2011/2/15 Douglas Pollard <[email protected]>

>  On 02/15/2011 12:03 AM, Nicola Ferralis wrote:
>
> Hi,
>
> In the past few weeks, there has been a very interesting discussion in this
> forum about the long term future of Cinelerra. This discussion made me
> wonder if a short-term roadmap of Cinelerra really exists. In particular I
> wonder if there is any set decision for a version 2.1.7 (and 2.1.8, 2.2,
> etc)? More in general, what is the main feature/timeframe/else that usually
> is set for a new stability release?

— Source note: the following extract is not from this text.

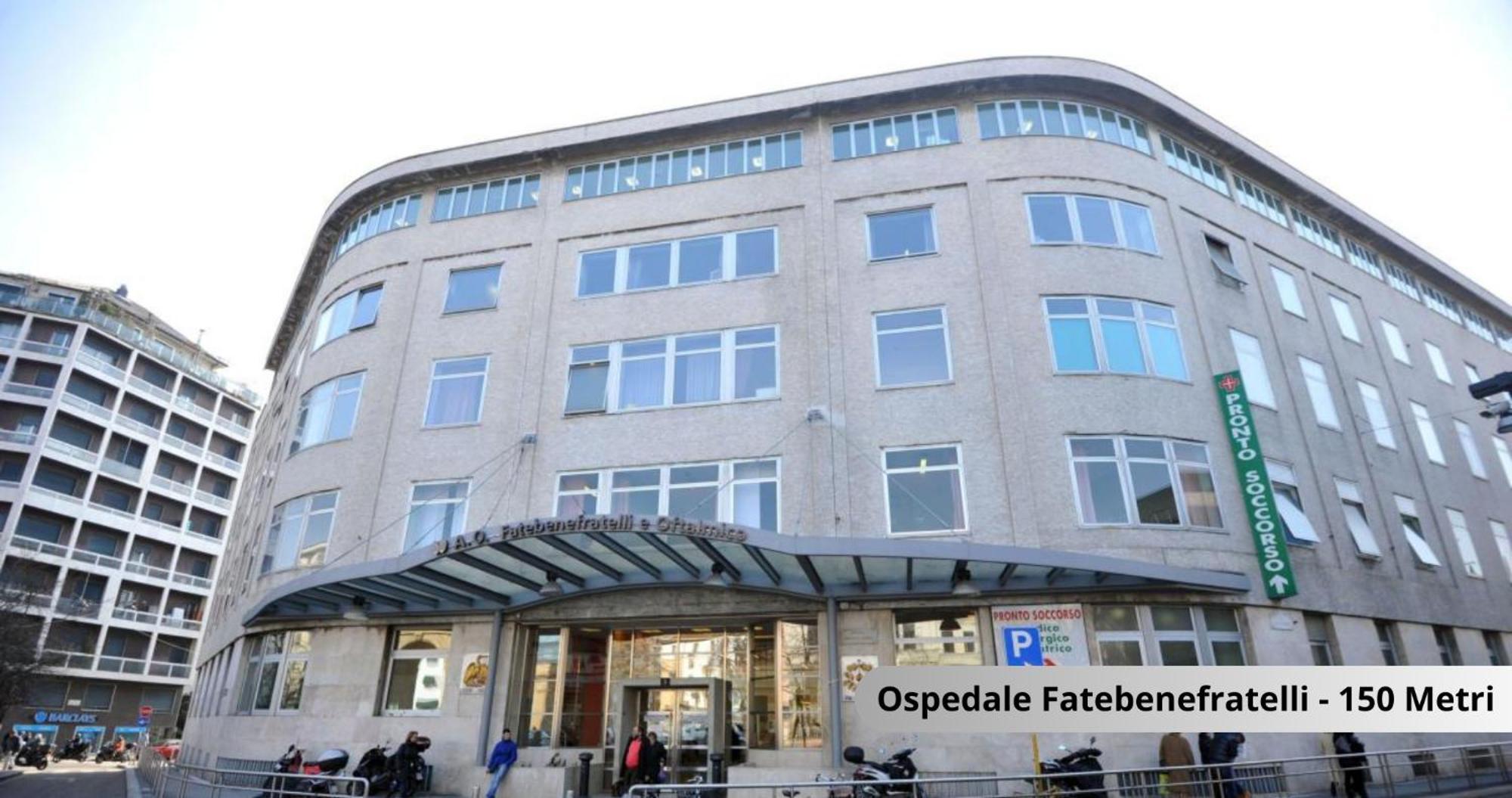 Clotilde Superior Apartment Mediolan Zewnętrze zdjęcie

Is the release process similar to what
> Google deploys for Chrome (release often minor updates)?
>
> I'd like to hear some thoughts about this. As the maintainer of the
> Cinelerra-ppa for Ubuntu, I wonder if instead of syncing only official
> releases, I should instead sync with git every time a commit is pushed. In
> this latter case, I would think a bump in version should be adopted.
>
> Thanks,
> Nicola
>
> I don't know what needs to be done to Cinelerra but it definitely needs
> some work.  I get along with her very well as long as I am doing video. Here
> I find no real problems.  It is sound and syncing that makes me pull my
> hair, as does titles. I get beautiful video and then add my music and as
> long as I use wave sound files that goes well. They are usually only a few
> files.  Voice over may be twenty to thirty files.  They slide up and down
> the time lines and get all out of sync and some times the credits at the end
> wind up in the title page. Some times I completely loose sound files.
>     I have come to the conclusion that Cinelerra is probably the best video
> editor around and the worst audio editor there is.
>     My solution is to make all my video clips, do my video with sound(
> music and video sound) then I make my title clip and my credits clip render
> them and add them in after all video is done.  After this I take my rendered
> video to Openshot video editor and add on my voice over clips. They stay
> very stable there.
>     I am sure this is a hokey way to do video, but it works for me though
> it is more time consuming than it needs to be. It may be that instead of
> dragging and dropping files I might instead cut and paste, this might help
> some of the problem??  I plan to play with that some.
>      It seems that as long as my video is less than about 6 minuets all
> goes well but the longer and more complicated the voice over gets, the worse
> the problems get. I have yet to make a single video 15 minutes long without
> resorting to taking it to Openshot to put in voice over and render.    Doug
>     I find I am much less frustrated working this way.
>

Resynchronization may be a configuration problem. A typical mistake is to
put the project at 44,100 Hz and upload audio to 48,000 hz.

I've only done music videos for 5 minutes, so I have not had that problem.